That's not an entirely accurate representation of those lamps. The MN02 also came in a dark blue base, the MN03 in tan base, the MN10 in an orange base (MN11 pink). I believe the MN16 may have had a purple version, though I can't remember for certain right now off the top of my head. The P61 has a few variations out there, some with frosted bulbs and some without, some are marked Laser Products, and some Surefire. Most of the unfrosted ones are marked Laser Products, and most of the frosted ones are marked Surefire.



DayofReckoning said:


> The MN01 can be driven off 2AA if one is fortunate enough to have a Surefire E2L AA Outdoorsman. I have to think this would be a very [FONT=Verdana,Arial,Tahoma,Calibri,Geneva,sans-serif]pleasant, fun little [/FONT]setup to use.



Great setup, been using that for years.


----------



## DayofReckoning (Jun 18, 2020)

I think some certain models of those old colored bulbs are notorious for exploding in the head.

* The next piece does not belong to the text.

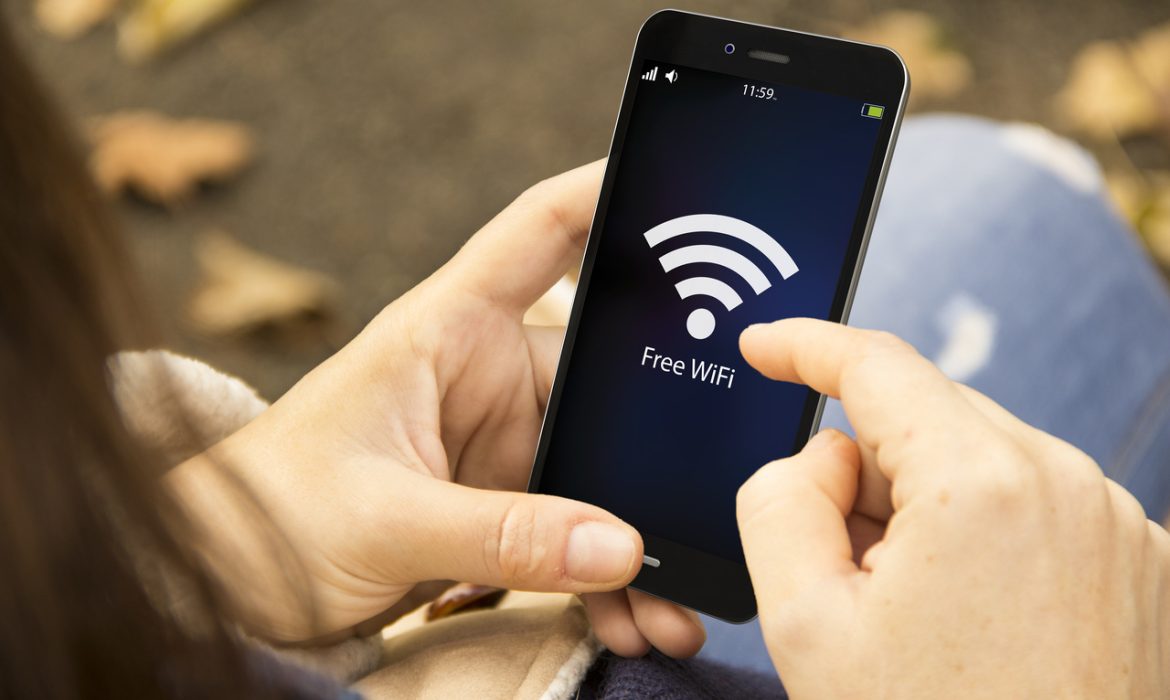Como Criar Hotspot Wi-Fi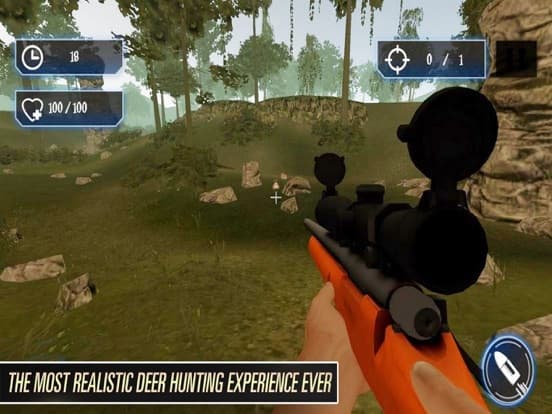 Animals Hunter New World screenshot 3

Can't remember which one's, or if it was just one.

EDIT: To clarify, it was an M-Series bulb.


----------



## Bullzeyebill (Jun 18, 2020)

DayofReckoning said:


> The MN01 can be driven off 2AA if one is fortunate enough to have a Surefire E2L AA Outdoorsman. I have to think this would be a very pleasant, fun little setup to use.
> 
> Will the Malkoff 2AA bodies accept an incan E series head and incan lamp, and function properly?



I run the MN01 using my Malkoff 2AA biody. Works fine. Usinfg Eneloops, of course, and will run with primary AA's

Bill


----------



## chillinn (Jun 18, 2020)

novice said:


> It's unfortunate that there are so few (any?) options for appropriate rechargeable cell options for the MN02 and MN03.



They both work in single cell Li-ion secondary setup. Many have said this is bad for these lamps, causes darkening glass they say, shortens the life of the lamp they say. But I have never noticed any such thing. Maybe that might happen with a single primary, but a single Li-ion secondary voltage discharge curve is within the same voltage range as that of two Lithium primaries. The worst thing I have seen about running them this way on a single Li-ion secondary is the color temperature gets too warm... but you'll only notice that for short time until the natural white point recalibrator in our brains kicks in. MN03 are far more plentiful than MN01, so I would wager most used E1e you find will have a MN03 in it rather than the stock MN01.




ampdude said:


> That's not an entirely accurate representation of those lamps. The MN02 also came in a dark blue base...



I have never seen one as light blue as in that picture, and I have thought about this before and suspect the image is color-uncorrected simply to show that it is blue, otherwise it might look black in a photo.




DayofReckoning said:


> I think some certain models of those old colored bulbs are notorious for exploding in the head. Can't remember which one's, or if it was just one.
> 
> EDIT: To clarify, it was an M-Series bulb.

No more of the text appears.